Finally, Apple argues that the injunction against it was unnecessarily harsh, affecting the app store which wasn’t involved in the issue at trial. It also complains that the publishers didn’t get anti-trust monitors and it did, which smacks of punishment for going to trial and appealing.
Some of Apple’s reasoning seems a little tortuous:
For example, Mr. Jobs’s statement to a reporter that the price of an e-book sold by Apple “‘will be the same’” as the same e-book sold by Amazon for $9.99 (Dkt326.85) was most reasonably viewed as a reference to the MFN, but the district court assumed the worst—that it referenced a conspiracy (Dkt326.86)—even though Mr. Jobs died in 2011 and thus could not explain his statements.
The MFN was the element through which the price-fixing was imposed. It’s not possible to refer to the MFN without referring to the conspiracy.
In any event, this is just the opening salvo of a much longer battle. Apple bends over backward to cast itself in the best possible light, which is what such a brief is for. We have yet to see the DoJ’s response.

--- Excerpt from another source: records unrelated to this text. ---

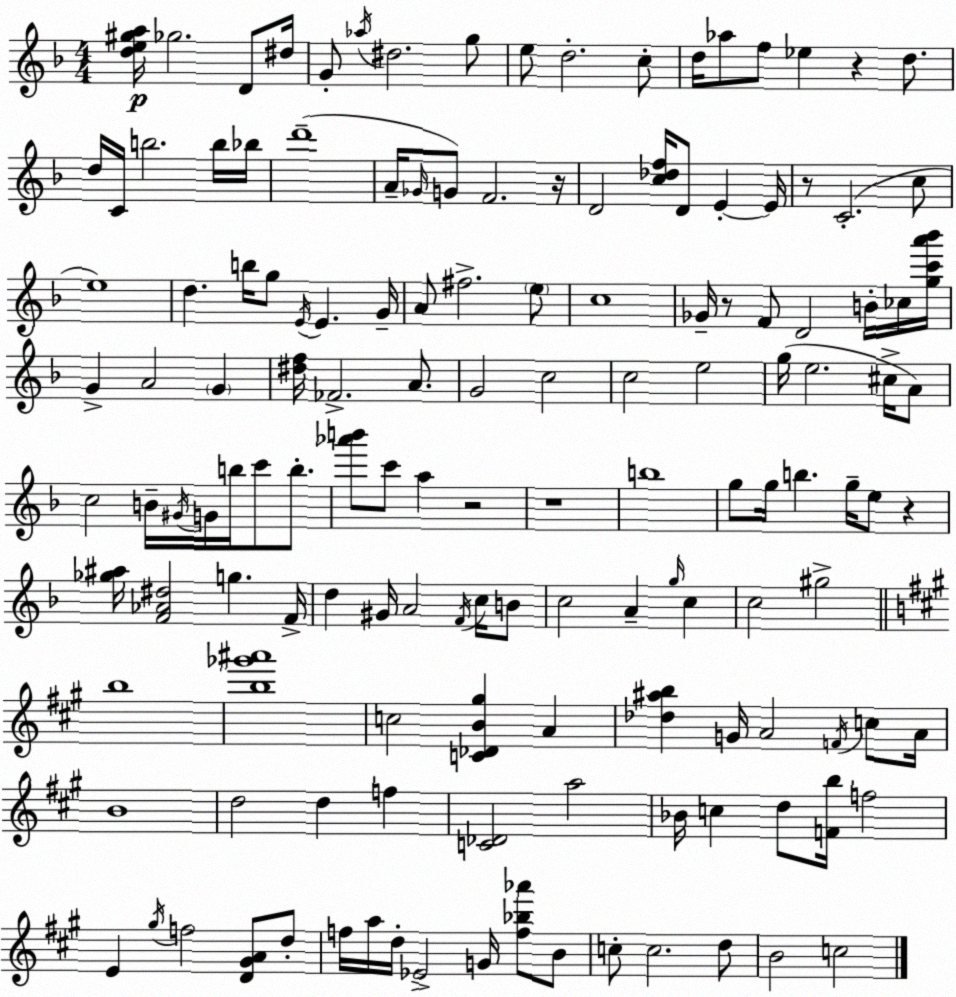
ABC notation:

X:1
T:Untitled
M:4/4
L:1/4
K:Dm
[de^ga]/4 _g2 D/2 ^d/4 G/2 _a/4 ^d2 g/2 e/2 d2 c/2 d/4 _a/2 f/2 _e z d/2 d/4 C/4 b2 b/4 _b/4 d'4 A/4 _G/4 G/2 F2 z/4 D2 [c_df]/4 D/2 E E/4 z/2 C2 c/2 e4 d b/4 g/2 E/4 E G/4 A/2 ^f2 e/2 c4 _G/4 z/2 F/2 D2 B/4 _c/4 [gc'a'_b']/4 G A2 G [^df]/4 _F2 A/2 G2 c2 c2 e2 g/4 e2 ^c/4 A/2 c2 B/4 ^G/4 G/4 b/4 c'/2 b/2 [_a'b']/2 c'/2 a z2 z4 b4 g/2 g/4 b g/4 e/2 z [_g^a]/4 [F_A^d]2 g F/4 d ^G/4 A2 F/4 c/4 B/2 c2 A g/4 c c2 ^g2 b4 [b_g'^a']4 c2 [C_DB^g] A [_d^ab] G/4 A2 F/4 c/2 A/4 B4 d2 d f [C_D]2 a2 _B/4 c d/2 [Fb]/4 f2 E ^g/4 f2 [D^GA]/2 d/2 f/4 a/4 d/4 _E2 G/4 [f_b_a']/2 B/2 c/2 c2 d/2 B2 c2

In any event, it won’t be over ‘til the fat appeals court panel sings, and even then we’ll likely have the Supreme Court to look forward to.
This is the same appeals court that effectively found nothing wrong with the anti-trust monitor’s job description in the recent appeal (they issued a “restriction” that basically echoed terms already written into the monitor’s job description to begin with). It remains to be seen how they look at the case overall.